Newspaper article The Record (Bergen County, NJ)

Mediocre Play on the Writing of a Great Film

Newspaper article The Record (Bergen County, NJ)

Mediocre Play on the Writing of a Great Film

Article excerpt

"Billy & Ray," which opened Monday night at the Vineyard Theatre, is a play about a movie. It's not a very good play, but it might be fun for passionate film fans.

Playwright Mike Bencivenga provides an almost scene-by-scene account of the writing of the 1944 "Double Indemnity," Hollywood's first significant film noir. It was also a movie that provided a guide on how to present sex and violence indirectly, thus avoiding confrontation with the puritanical Motion Picture Production Code, the industry's censoring system.

To tell his story, Bencivenga invokes one of the theater's most time-honored (and time-worn) dramatic devices: Two characters, opposites in every way, begin in conflict and end in partnership.

Austrian-born director Billy Wilder (Vincent Kartheiser), an in- formal, womanizing, cocktail-drinking quipster, needs a co-writer with a better command of colloquial English to collaborate on the screenplay of James M. Cain's crime novel.

Enter Raymond Chandler, the famous author of hard-boiled mysteries, who's older, desperate for money, tight-lipped, morbidly (in Wilder's view) faithful to his wife and an alcoholic who's recovering, at least publicly.

It's a match made in hell, but respect and kinship grow as two men with vastly different styles and temperaments come together in a common desire to make a compelling movie.
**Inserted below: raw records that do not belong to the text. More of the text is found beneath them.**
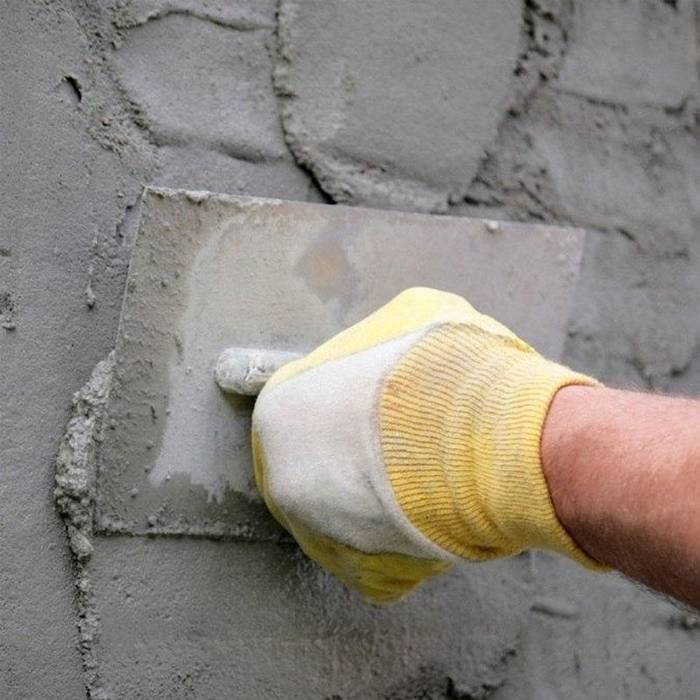 Разновидности и правила выбора шпаклевки по бетону для наружных работ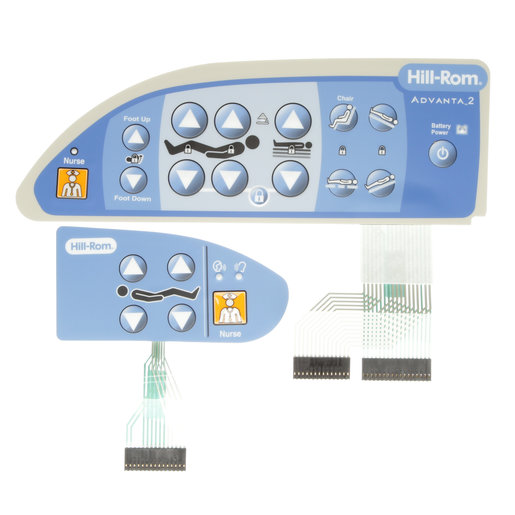 Left Patient Controls Kit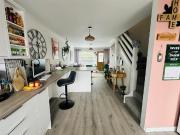 2 bedroom terraced house to rent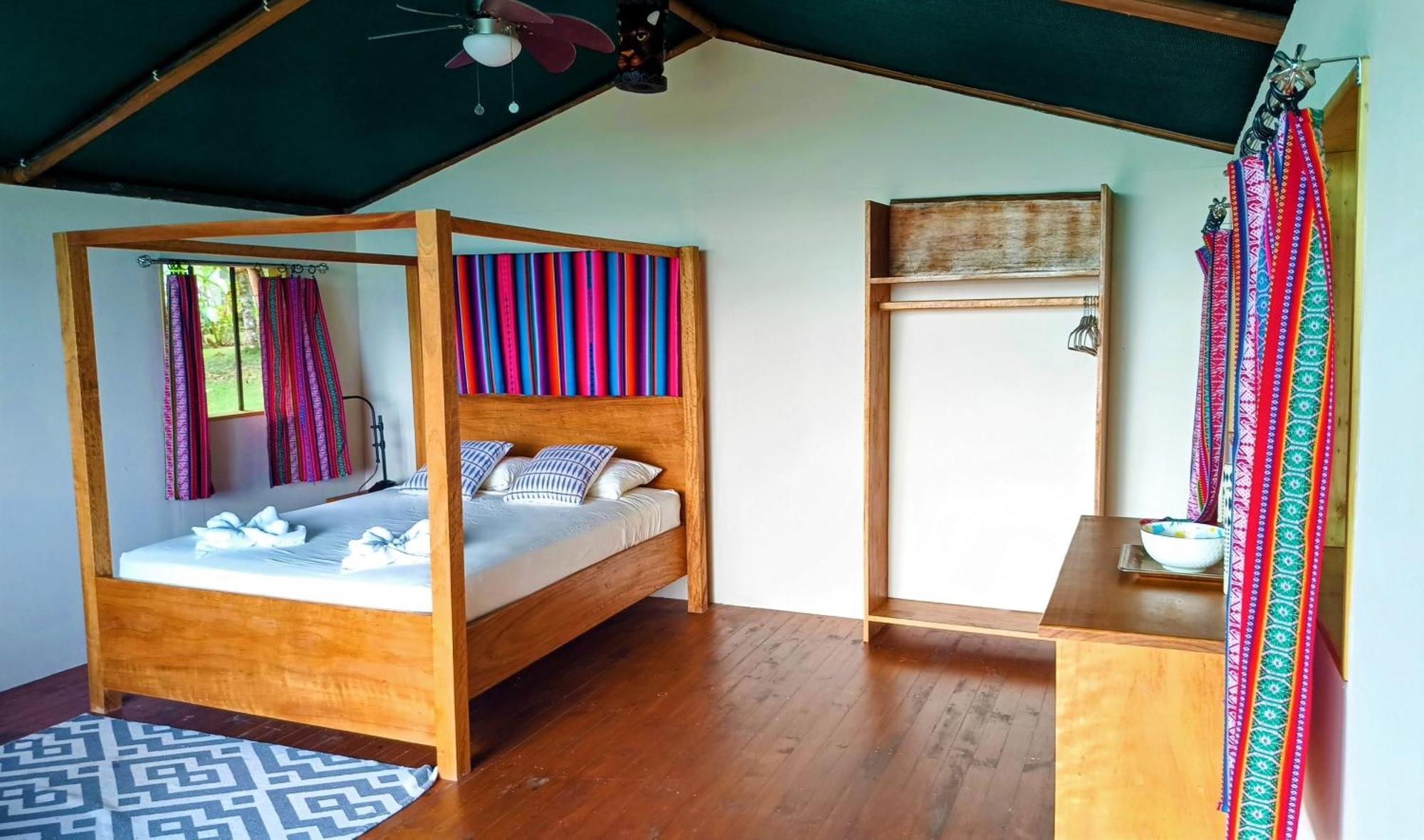 Corcovado Private Villas - Corcovado Private Reserve Puerto Jiménez Exteriör bild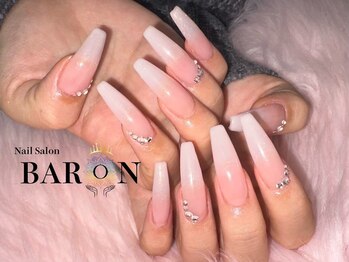 バロン 平塚店(BARON)/「スカルプ/ネイル」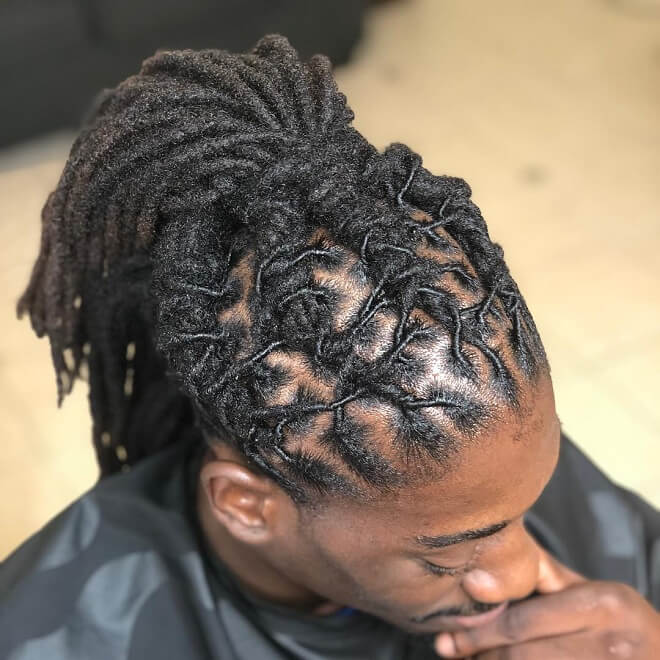 Top 20 Awesome Dreadlock Hairstyles for Men 2020  Men's Style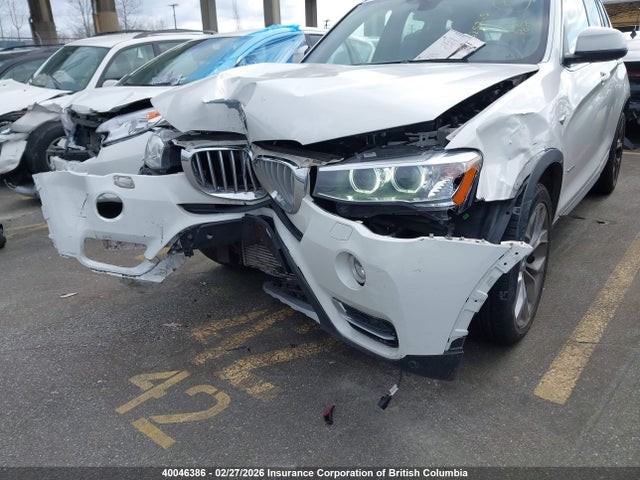 5UXWX9C55H0D99714 BMW X3 Xdrive28i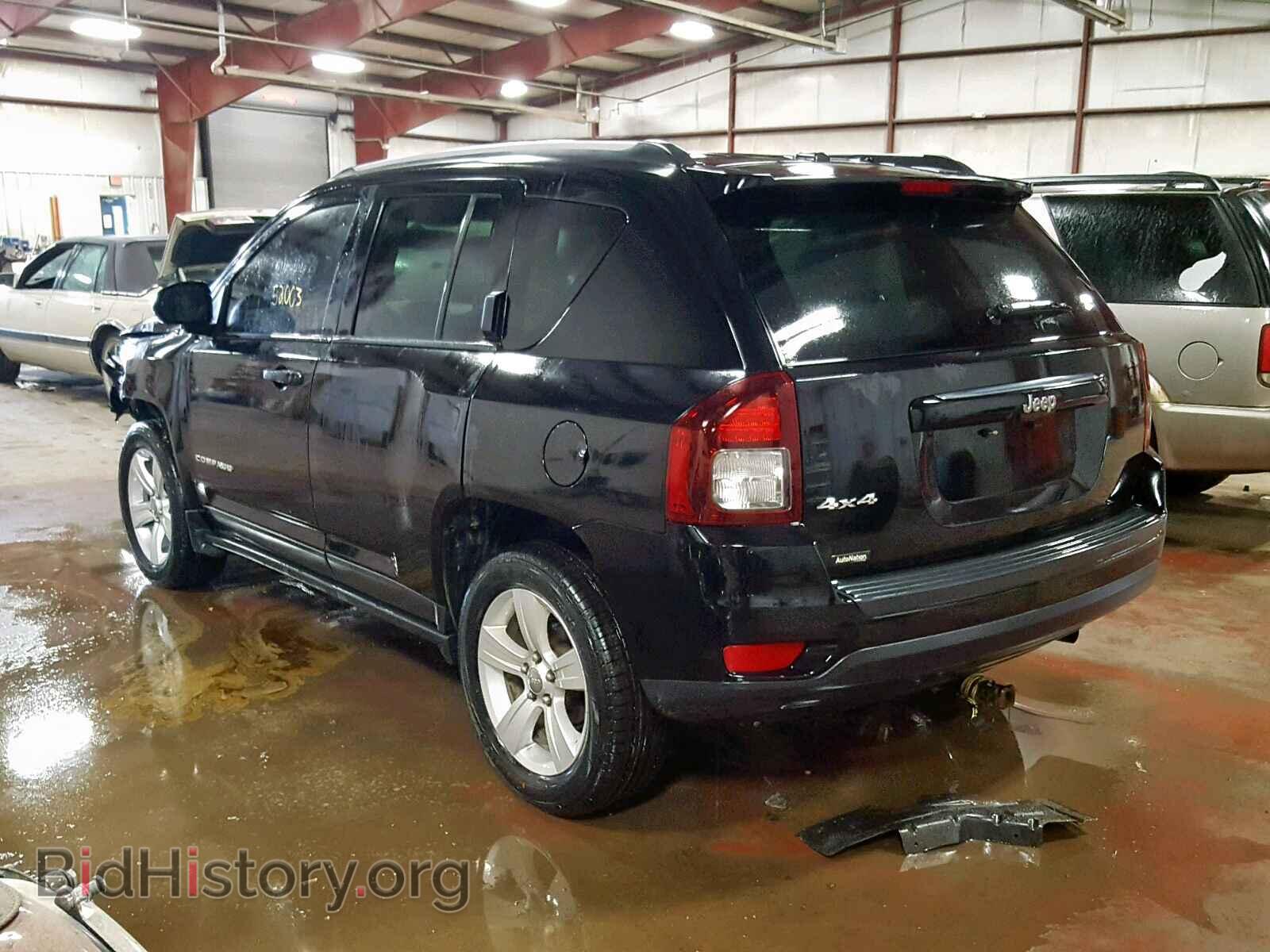 2016 JEEP COMPASS SP - VIN: 1C4NJDBB1GD639421 - Photo 3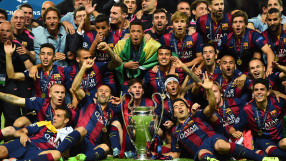 Каталунците напускат хотела си в Берлин (ВИДЕО) 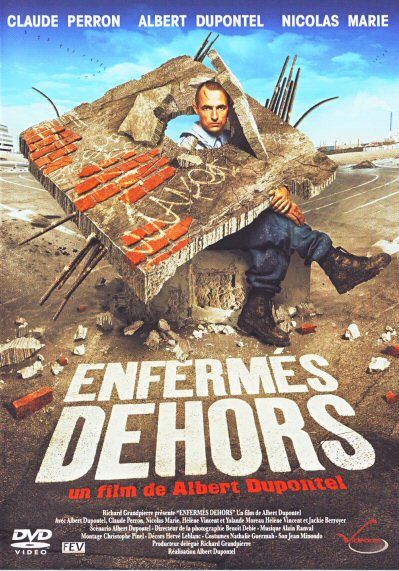 Enfermés dehors [DVD]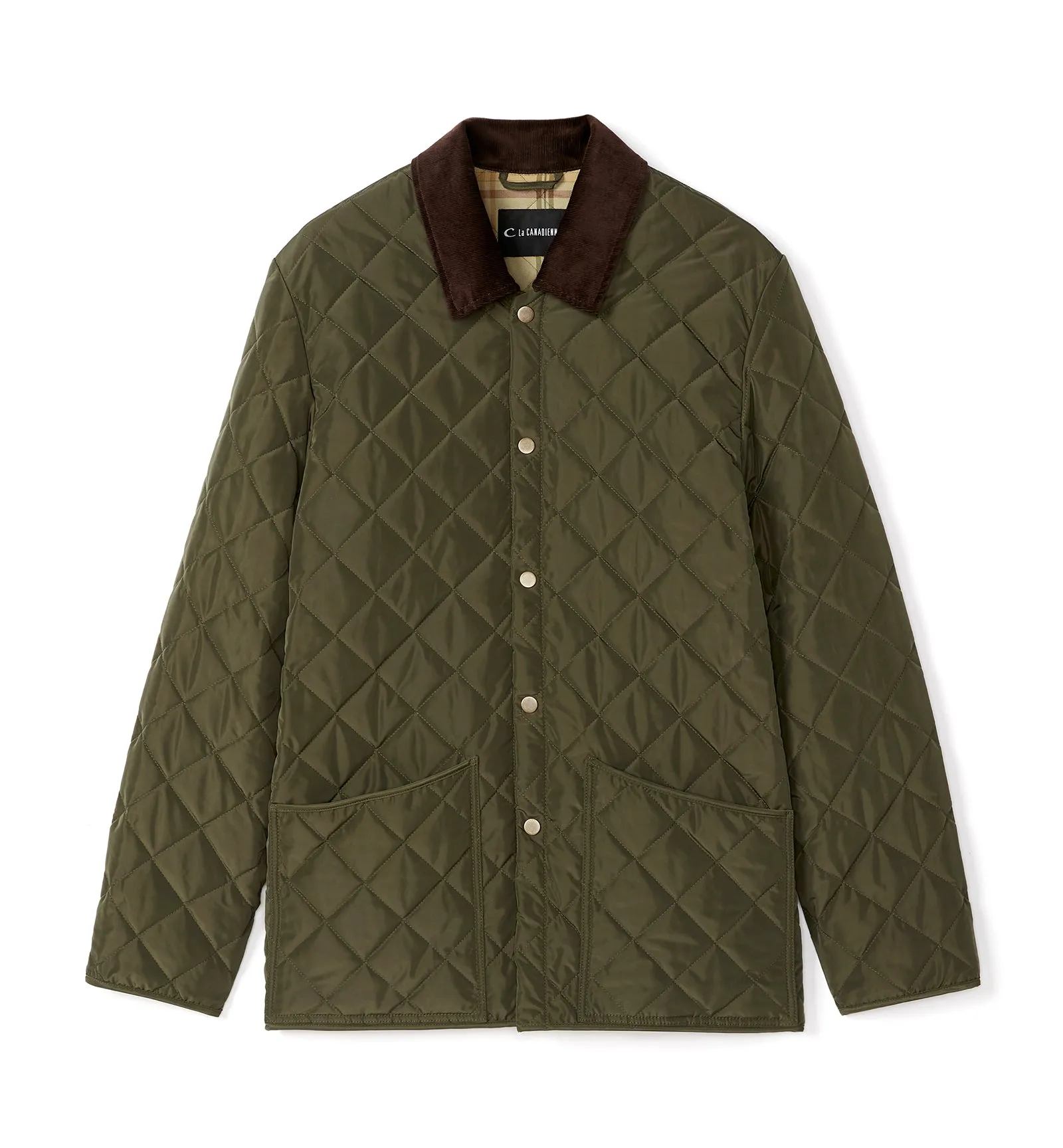 LEO MEN'S BARN COAT sold by La CANADIENNE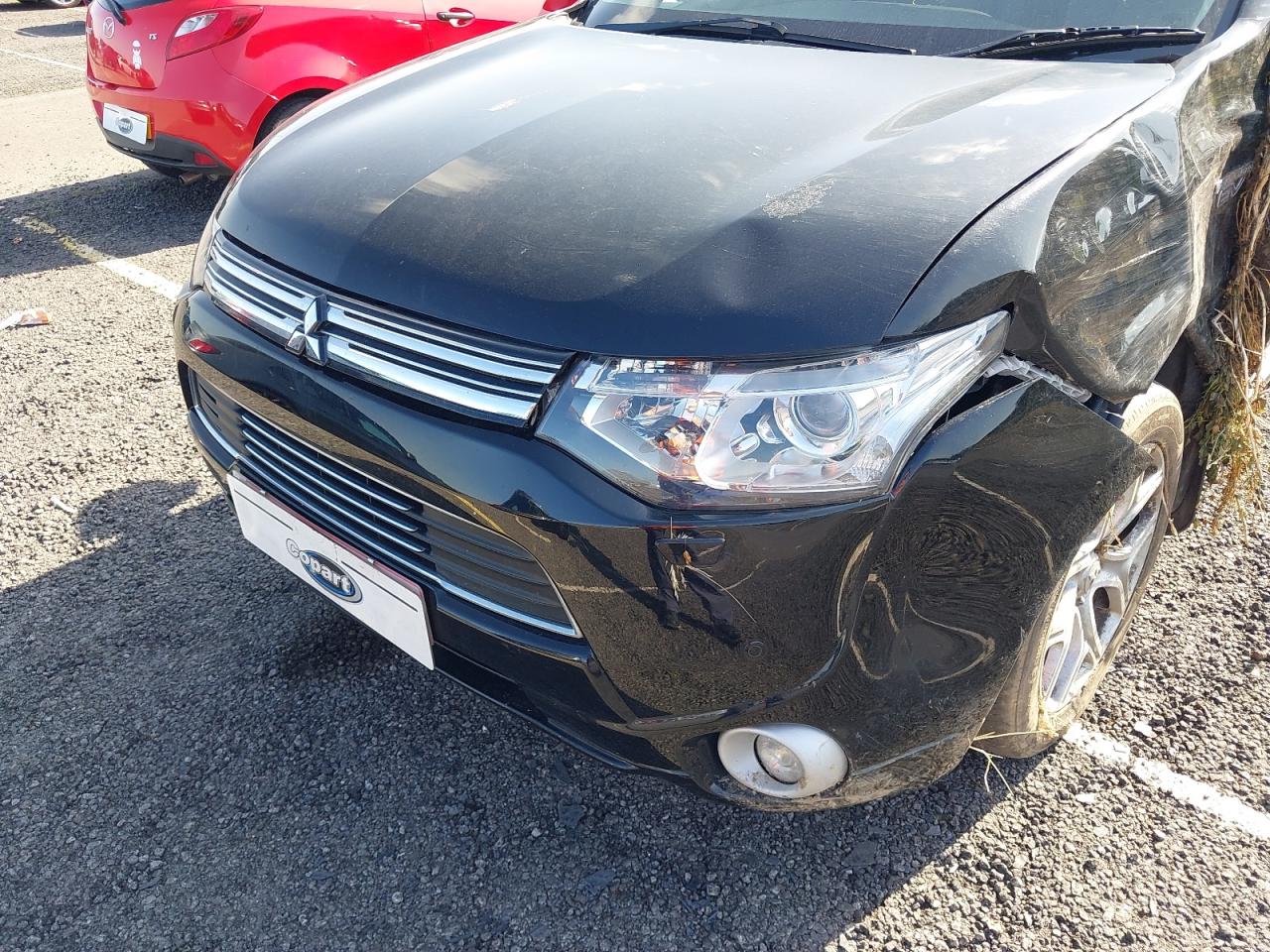 MITSUBISHI Outlander III [Fabr 2012-2014]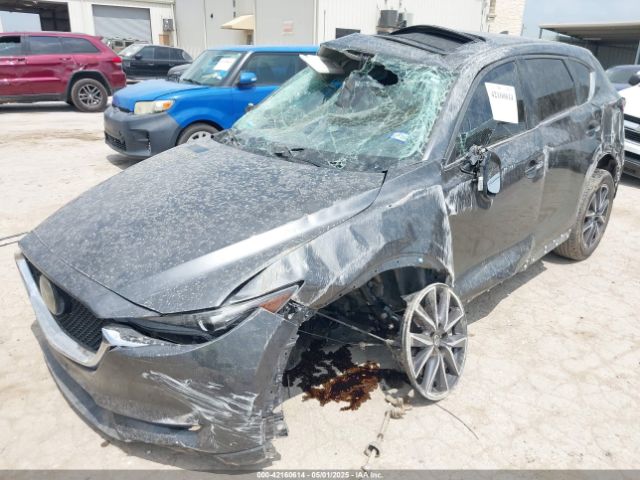 2018 MAZDA CX-5 JM3KFBCM9J0396326 Photo 5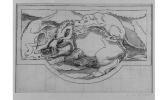 LE BOURGEOIS Gaston Étienne " Sanglier Et Chiens De Chasse ". LE BOURGEOIS Gaston Étienne " Sanglier Et Chiens De Chasse ".
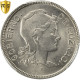 Monnaie, SPAIN CIVIL WAR, EUZKADI, 2 Pesetas, 1937, Bruxelles, PCGS, MS65, FDC - Zona Nazionalista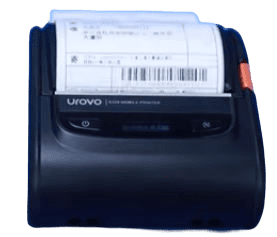 Máy in mã vạch Urovo K329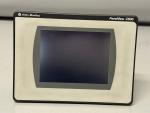 Allen-Bradley 2711C-T6M PanelView C600 Color Touch HMI Terminal Interface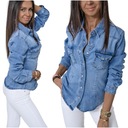 ФЕНОМЕНАЛЬНАЯ ДЖИНСОВАЯ РУБАШКА! WZ.1 М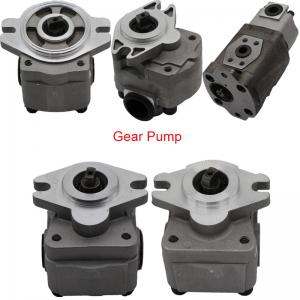 China  Mini Gear Pump Working Replacement For E200B E305.5 E312C E320 E320C Excavator supplier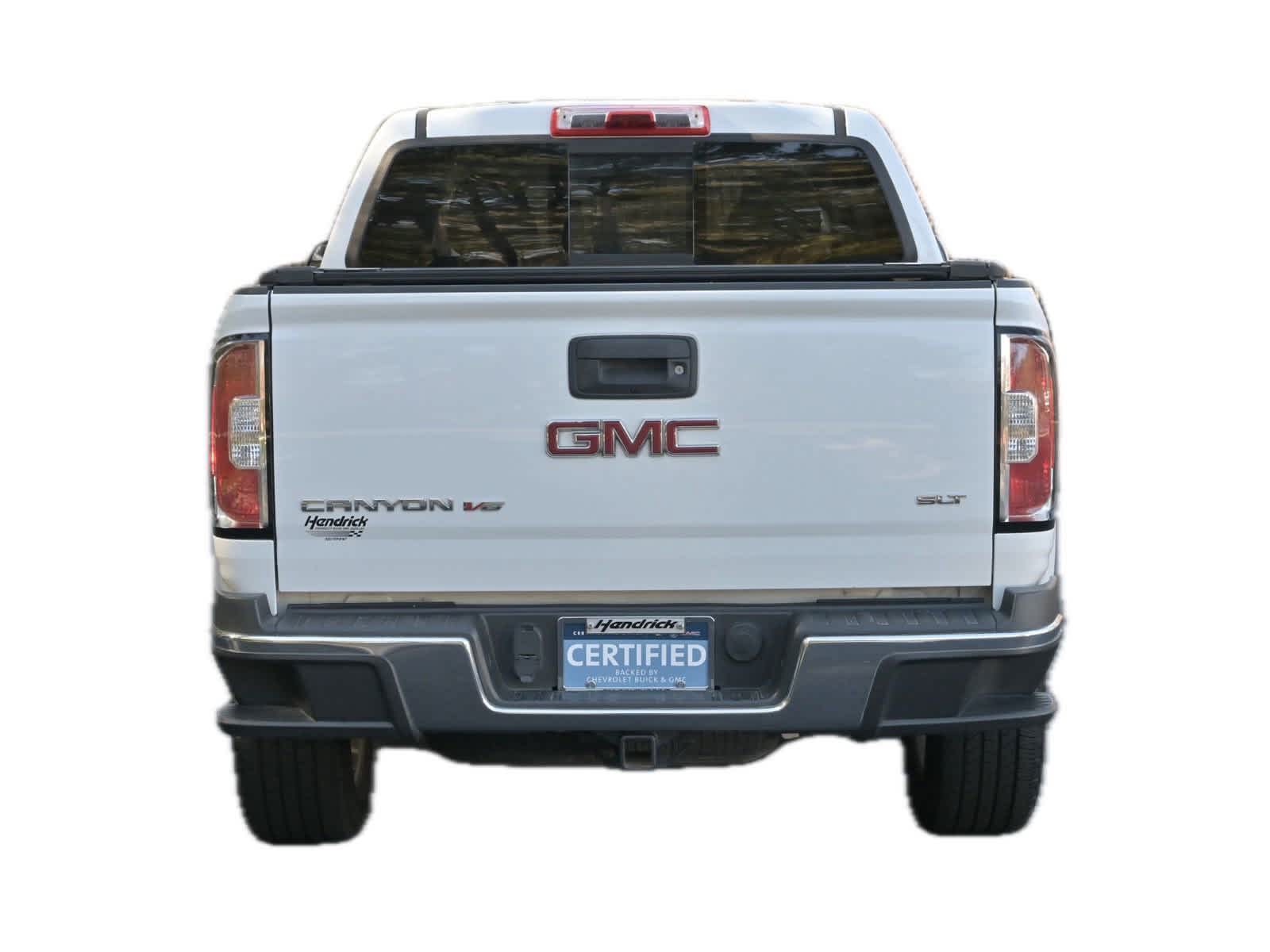 2017 GMC Canyon 2WD SLT Crew Cab 128.3 7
As the two brainstorm, trying out different ways to tell the story of the lustful relationship between an insurance salesman and a married woman, who manipulates him into killing her husband, we get involved with the astute choices they make.

Knowing the movie will turn out to be one of the most artfully made dramas in film history, as well as a commercial success, adds extra buzz to their work.

The play itself, though, doesn't rise very high on the artistic scale.

Bencivenga's writing is, at its best, serviceable, but very often it's awkward, struggling in vain to be witty. …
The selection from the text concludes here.